Buying a home is perhaps the biggest purchase most people will ever make. That’s reason enough not to blindly take the plunge without preparing yourself for the ups and downs of home ownership. This is especially true when it comes to your finances.
How’s Your Cash Flow?
A good place to begin is by looking at your income. Where does it come from and where does it go? This would be the time to establish a budget and stick to it. Unstable or unpredictable income, and even changing jobs can be detrimental to your loan application, so before you think seriously about applying for a home loan, get this area of your finances in top shape. Lenders will look at your previous two years of income when judging your ability to pay them back.
How’s Your Credit?
Take inventory of your credit. Check your credit reports and scores and look for any discrepancies. Errors on your credit report could adversely affect your FICO score, which could result in getting a less-desirable interest rate on your mortgage loan. According to the Home Buying Institute, you generally need a credit score that falls at least within the 620- 640 range. Those applying for government-backed loans, such as VA or FHA loans, may get approved with a lower score, but even then it will most likely need to be at least 600. Keep in mind that since the housing crisis of several years ago, lenders will now be more inclined to be choosier as to which borrowers will get the best rates, so a score that was pretty good years ago may be just mediocre now. If there are any past-due balances in your credit report, be sure to bring them up to date several months before applying for a mortgage loan.

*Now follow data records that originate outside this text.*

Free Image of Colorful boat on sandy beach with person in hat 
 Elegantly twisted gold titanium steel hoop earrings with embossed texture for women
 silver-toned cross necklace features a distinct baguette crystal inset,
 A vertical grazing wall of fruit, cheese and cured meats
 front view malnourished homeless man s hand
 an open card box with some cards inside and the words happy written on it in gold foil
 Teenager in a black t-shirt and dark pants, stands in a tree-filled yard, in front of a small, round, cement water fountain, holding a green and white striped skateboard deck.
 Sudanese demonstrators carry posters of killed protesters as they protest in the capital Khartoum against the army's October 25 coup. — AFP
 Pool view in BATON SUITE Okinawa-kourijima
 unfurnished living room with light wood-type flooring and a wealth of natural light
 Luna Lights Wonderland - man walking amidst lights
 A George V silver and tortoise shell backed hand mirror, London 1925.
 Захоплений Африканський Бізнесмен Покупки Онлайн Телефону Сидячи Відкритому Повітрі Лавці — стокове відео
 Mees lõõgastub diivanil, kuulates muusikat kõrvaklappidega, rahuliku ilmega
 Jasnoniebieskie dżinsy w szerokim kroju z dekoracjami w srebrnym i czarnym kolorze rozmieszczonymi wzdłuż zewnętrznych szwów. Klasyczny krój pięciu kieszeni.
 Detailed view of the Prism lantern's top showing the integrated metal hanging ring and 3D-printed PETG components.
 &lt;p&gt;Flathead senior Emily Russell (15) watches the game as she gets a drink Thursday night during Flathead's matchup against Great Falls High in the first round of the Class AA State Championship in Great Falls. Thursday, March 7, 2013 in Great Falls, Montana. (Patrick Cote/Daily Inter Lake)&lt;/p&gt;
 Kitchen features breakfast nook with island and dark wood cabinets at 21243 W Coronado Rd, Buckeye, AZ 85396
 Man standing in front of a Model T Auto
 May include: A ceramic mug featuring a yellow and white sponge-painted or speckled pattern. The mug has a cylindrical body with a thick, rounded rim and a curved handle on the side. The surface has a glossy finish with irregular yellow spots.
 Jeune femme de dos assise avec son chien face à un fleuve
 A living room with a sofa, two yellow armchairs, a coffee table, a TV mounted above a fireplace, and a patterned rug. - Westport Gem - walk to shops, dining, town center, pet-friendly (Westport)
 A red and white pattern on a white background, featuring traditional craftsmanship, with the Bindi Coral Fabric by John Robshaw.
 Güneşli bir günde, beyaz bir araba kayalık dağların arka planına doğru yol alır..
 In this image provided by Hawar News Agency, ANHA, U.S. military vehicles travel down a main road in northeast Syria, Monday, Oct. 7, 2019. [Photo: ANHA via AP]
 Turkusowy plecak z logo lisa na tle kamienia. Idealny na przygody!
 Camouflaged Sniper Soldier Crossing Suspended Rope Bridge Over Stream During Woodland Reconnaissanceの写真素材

How Much Debt Do You Carry?
While mortgage lenders will look at your credit score, it’s just one of several pieces of your financial picture they want to see. Another is your debt-to-income ratio. This can make or break your chances of getting a loan if you have a heavy load of revolving debt compared to your gross monthly income.
How Much for a Down Payment?
Ideally, a 20 percent down payment is desirable and can make a lender see you as a serious home buyer. You’ll also reap the benefits of having a lower monthly mortgage payment and will not be required to purchase private mortgage insurance on your loan. A low down payment such as 5 percent won’t give you as many options for loans, and will likely find you paying a higher interest rate, as well as more of the closing costs. If your financial situation is such that you can’t even make a 5 percent down payment, you may want to reconsider buying a home until your savings is closer to that 20 percent goal.
Are You Prepared For the Unexpected?
Even though you may have a 20 percent down payment for your new home, and you’ve been pre-approved for a loan, you still need to take stock of another responsibility of home ownership: being your own maintenance man. As a renter, you only need to pick up the phone to call your landlord or rental office when a pipe bursts or the water heater springs a leak. Do you have enough in savings to cover a possible major repair that may need to be done after you move into your home? This is a step that can often be overlooked in the excitement (and stress) of buying a home, but it could be one of the most important.